### Exercise directions
Where "Quartos" occurs in a line of the entries below, copy that line.

### Data listing
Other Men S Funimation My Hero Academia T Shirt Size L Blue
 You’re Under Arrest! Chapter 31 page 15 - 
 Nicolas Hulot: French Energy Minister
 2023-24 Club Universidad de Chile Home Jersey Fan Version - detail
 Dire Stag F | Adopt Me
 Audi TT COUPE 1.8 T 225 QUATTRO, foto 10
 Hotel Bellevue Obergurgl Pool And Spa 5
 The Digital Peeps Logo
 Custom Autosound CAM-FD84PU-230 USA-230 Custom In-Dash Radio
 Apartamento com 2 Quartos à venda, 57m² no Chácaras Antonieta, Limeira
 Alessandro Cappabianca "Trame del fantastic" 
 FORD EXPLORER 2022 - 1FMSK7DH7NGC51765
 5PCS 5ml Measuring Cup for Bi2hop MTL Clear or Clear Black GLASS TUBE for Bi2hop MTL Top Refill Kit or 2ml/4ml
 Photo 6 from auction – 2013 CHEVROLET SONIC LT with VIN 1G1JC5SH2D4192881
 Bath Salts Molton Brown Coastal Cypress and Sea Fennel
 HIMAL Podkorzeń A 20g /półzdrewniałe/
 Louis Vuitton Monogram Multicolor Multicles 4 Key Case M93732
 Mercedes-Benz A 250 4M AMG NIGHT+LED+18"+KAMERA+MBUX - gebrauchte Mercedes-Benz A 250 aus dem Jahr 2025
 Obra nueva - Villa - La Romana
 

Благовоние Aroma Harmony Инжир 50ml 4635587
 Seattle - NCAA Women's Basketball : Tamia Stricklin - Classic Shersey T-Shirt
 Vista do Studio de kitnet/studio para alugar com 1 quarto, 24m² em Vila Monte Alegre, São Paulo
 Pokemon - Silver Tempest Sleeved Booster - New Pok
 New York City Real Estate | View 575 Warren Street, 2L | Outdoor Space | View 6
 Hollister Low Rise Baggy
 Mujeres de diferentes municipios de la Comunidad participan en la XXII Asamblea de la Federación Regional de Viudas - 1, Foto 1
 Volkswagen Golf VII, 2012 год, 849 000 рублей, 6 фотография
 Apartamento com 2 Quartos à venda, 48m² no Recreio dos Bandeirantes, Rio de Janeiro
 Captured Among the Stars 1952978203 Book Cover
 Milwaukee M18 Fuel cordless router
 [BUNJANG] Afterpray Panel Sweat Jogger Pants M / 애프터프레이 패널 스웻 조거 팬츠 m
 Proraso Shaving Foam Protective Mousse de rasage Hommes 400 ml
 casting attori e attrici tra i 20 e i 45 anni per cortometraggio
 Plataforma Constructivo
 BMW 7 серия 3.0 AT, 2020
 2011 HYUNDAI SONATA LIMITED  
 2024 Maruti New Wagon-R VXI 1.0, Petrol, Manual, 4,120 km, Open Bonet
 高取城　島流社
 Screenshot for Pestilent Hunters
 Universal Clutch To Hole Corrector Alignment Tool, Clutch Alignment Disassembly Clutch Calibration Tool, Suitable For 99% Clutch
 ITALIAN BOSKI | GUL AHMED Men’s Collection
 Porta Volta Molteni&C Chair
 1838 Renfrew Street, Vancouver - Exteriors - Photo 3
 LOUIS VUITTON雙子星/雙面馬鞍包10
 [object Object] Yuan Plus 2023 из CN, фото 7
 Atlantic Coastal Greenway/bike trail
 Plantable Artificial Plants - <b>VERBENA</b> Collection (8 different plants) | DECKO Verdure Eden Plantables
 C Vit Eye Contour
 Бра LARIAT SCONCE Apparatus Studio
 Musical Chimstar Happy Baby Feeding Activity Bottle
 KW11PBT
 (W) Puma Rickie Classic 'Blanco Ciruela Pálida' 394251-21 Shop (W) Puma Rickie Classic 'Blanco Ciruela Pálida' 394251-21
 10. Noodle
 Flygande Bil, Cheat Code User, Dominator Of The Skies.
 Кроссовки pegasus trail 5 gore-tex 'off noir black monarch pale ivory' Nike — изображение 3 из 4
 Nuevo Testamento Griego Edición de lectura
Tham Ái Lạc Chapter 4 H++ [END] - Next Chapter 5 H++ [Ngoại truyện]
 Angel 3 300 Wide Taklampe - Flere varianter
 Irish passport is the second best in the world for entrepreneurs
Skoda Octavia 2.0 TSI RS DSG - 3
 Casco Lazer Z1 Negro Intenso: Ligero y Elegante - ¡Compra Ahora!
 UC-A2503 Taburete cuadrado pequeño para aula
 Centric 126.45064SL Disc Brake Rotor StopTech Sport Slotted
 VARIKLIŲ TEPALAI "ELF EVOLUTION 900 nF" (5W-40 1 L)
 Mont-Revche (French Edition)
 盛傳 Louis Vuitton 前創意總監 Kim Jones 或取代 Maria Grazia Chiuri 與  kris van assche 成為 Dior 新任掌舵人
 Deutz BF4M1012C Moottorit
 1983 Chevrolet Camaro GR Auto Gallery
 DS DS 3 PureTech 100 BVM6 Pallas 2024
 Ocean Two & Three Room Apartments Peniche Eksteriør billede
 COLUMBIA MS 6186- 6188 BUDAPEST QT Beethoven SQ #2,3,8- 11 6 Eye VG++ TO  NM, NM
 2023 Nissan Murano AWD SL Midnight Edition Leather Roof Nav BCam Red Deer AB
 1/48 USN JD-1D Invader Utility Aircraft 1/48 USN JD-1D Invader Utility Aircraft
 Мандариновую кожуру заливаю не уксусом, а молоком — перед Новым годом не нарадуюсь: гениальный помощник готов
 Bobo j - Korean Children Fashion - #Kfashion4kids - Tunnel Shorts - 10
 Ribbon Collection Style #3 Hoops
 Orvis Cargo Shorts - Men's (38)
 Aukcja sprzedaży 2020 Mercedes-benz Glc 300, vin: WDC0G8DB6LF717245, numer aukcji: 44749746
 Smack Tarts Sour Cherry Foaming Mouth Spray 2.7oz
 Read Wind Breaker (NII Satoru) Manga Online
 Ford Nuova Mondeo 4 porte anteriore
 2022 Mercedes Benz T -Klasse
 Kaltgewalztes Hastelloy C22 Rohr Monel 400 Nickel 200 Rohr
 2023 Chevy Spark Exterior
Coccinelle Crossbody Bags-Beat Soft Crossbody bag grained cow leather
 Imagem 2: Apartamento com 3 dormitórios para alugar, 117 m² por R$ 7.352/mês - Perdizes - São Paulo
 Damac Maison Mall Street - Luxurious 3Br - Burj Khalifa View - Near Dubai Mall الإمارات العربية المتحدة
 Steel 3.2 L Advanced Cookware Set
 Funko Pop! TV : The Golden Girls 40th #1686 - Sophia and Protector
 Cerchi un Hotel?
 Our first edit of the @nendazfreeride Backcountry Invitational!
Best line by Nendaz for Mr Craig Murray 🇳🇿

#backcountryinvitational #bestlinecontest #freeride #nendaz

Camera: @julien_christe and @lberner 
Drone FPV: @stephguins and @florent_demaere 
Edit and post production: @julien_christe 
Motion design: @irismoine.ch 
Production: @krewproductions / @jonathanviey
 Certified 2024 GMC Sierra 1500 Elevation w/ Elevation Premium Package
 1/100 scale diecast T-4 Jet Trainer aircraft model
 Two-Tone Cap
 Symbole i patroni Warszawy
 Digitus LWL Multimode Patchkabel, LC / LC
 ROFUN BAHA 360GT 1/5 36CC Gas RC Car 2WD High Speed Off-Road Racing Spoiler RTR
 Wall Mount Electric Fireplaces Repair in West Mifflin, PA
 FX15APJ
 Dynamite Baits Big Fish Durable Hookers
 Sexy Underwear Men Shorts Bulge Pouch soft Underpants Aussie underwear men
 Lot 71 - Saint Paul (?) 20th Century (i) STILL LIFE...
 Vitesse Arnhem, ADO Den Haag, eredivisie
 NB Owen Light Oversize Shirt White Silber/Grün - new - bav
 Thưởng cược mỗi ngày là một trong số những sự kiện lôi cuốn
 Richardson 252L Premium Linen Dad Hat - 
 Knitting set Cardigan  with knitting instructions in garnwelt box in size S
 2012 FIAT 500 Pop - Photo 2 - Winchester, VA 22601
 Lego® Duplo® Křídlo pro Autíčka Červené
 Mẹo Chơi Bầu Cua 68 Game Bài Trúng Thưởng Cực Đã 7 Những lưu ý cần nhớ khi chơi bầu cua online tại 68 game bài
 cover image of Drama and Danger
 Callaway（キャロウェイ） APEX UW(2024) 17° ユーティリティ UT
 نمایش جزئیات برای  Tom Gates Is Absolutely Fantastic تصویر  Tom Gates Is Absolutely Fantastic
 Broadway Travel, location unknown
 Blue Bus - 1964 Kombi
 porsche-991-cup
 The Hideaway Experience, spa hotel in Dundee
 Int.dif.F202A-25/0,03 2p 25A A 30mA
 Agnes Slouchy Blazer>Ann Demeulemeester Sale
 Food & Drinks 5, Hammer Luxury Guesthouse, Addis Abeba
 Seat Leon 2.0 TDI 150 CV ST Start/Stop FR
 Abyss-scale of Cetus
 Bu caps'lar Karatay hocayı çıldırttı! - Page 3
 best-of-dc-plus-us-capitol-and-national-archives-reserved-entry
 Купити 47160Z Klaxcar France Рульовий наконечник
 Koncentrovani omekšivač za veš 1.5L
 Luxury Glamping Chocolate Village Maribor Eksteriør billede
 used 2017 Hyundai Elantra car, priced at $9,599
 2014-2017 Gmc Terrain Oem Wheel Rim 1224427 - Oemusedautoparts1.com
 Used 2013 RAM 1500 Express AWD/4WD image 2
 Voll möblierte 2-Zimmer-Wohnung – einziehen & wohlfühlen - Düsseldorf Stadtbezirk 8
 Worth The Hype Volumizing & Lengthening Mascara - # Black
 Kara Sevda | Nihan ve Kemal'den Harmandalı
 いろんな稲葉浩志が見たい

### Answer box
 Apartamento com 2 Quartos à venda, 57m² no Chácaras Antonieta, Limeira
 Apartamento com 2 Quartos à venda, 48m² no Recreio dos Bandeirantes, Rio de Janeiro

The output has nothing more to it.